The Love of Money

Unless you are Royalty, have very rich parents, disabled or part of the feral class, the chances are that at some stage you will need to work to survive. Most of us don't enjoy doing it but unless we work, we will not have any money…and there is very little you can do in this life without money.


When I was growing up the socially ideal path of life, was pretty much the same for everyone…go to school, then University, get a good job, get married, get a mortgage, have kids and die.

If you were lucky enough to reach retirement age, then you were allowed to enjoy your final years doing what you wanted but usually with limited funds and a body that’s falling apart…lovely!


As someone who had no idea what he wanted to do in life, the early part of mine was very much that of the social ideal. I was actually very ambitious (can’t say it with a straight face anymore) and wanted the successful career with everything that it brought, in truth mainly the money.


Unfortunately like many, as my career developed I realised that reaching my career goals, wasn’t just dependent on my ability. I was doing ok, good money, decent lifestyle, enjoyed numerous annual holidays and received all of the benefits that large corporate companies offer.

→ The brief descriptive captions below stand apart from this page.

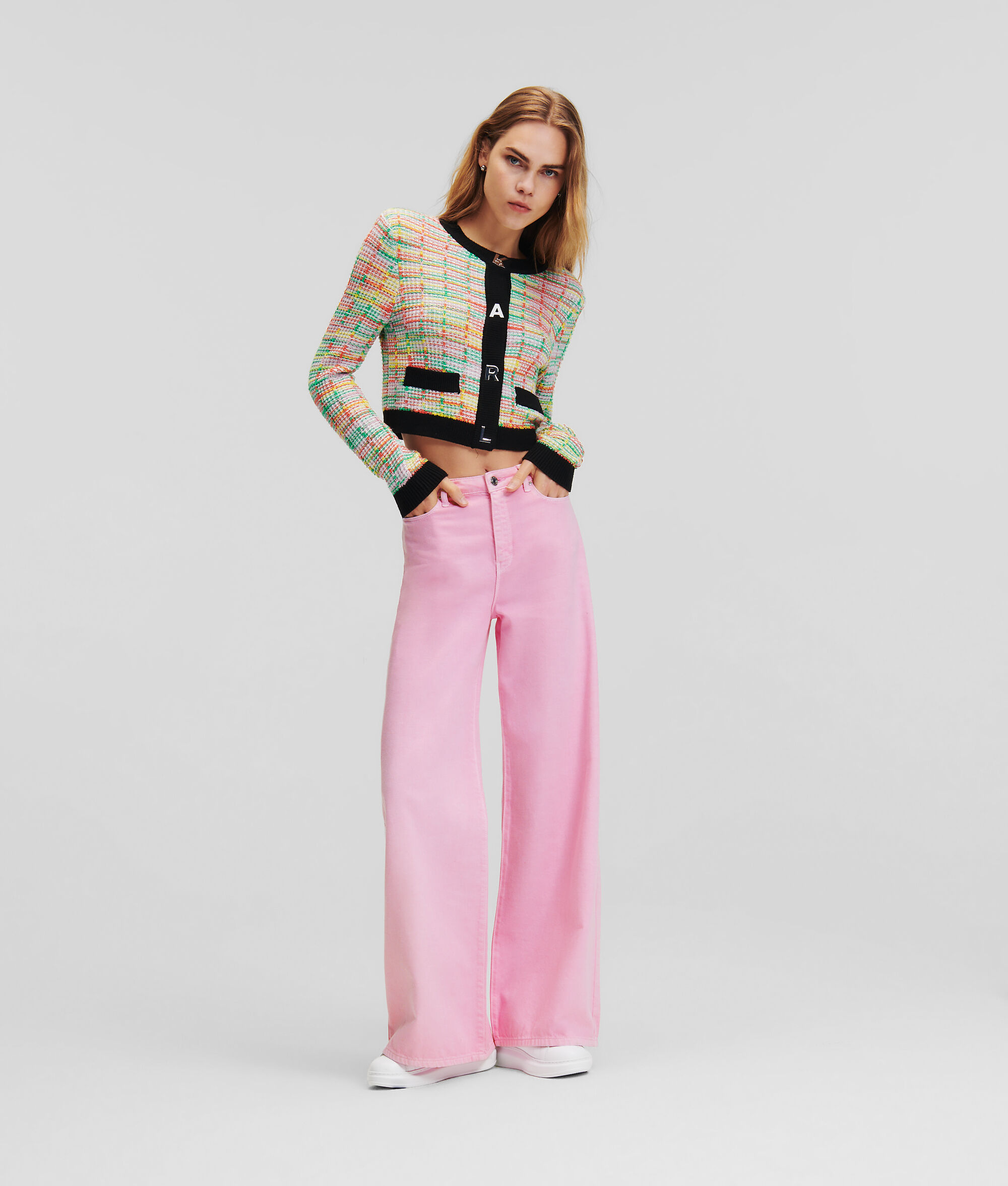 JEAN LARGE À TAILLE HAUTE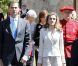 Look classique pour Letizia d'Espagne qui apporte cependant une petite touche de fantaisie avec une ravissante pochette orangée et des escarpins colorés.  Espagne, 31 mai 2011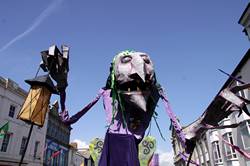 Polperro festival - The new Lord Mayor addresses his subjects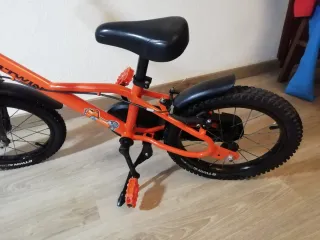 Bici infantil B'TWIN 16 pulgadas naranja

However the problem was something that I just couldn’t handle…playing the corporate game.

For those who haven’t had the pleasure of enduring, it’s when you have to say nice things to people that you know are trying to shaft you, because you don’t want to upset them or affect your career. People that you struggle to look at because you can see right through them but end up wasting a Friday evening ‘team building’ because the mortgage needs paying and it’s the right thing to do.


Although I don’t think that I’m naturally unwelcoming, my bullshit antenna is finely tuned. I can’t see the point of wasting my time listening to someone who is clearly lying, when I can just call bullshit and we can move on. Similar to Christmas when we have to be nice to people we don’t really like, I much prefer to be true to myself and continue to ignore them. Miserable old sod? Maybe. True to myself? Always.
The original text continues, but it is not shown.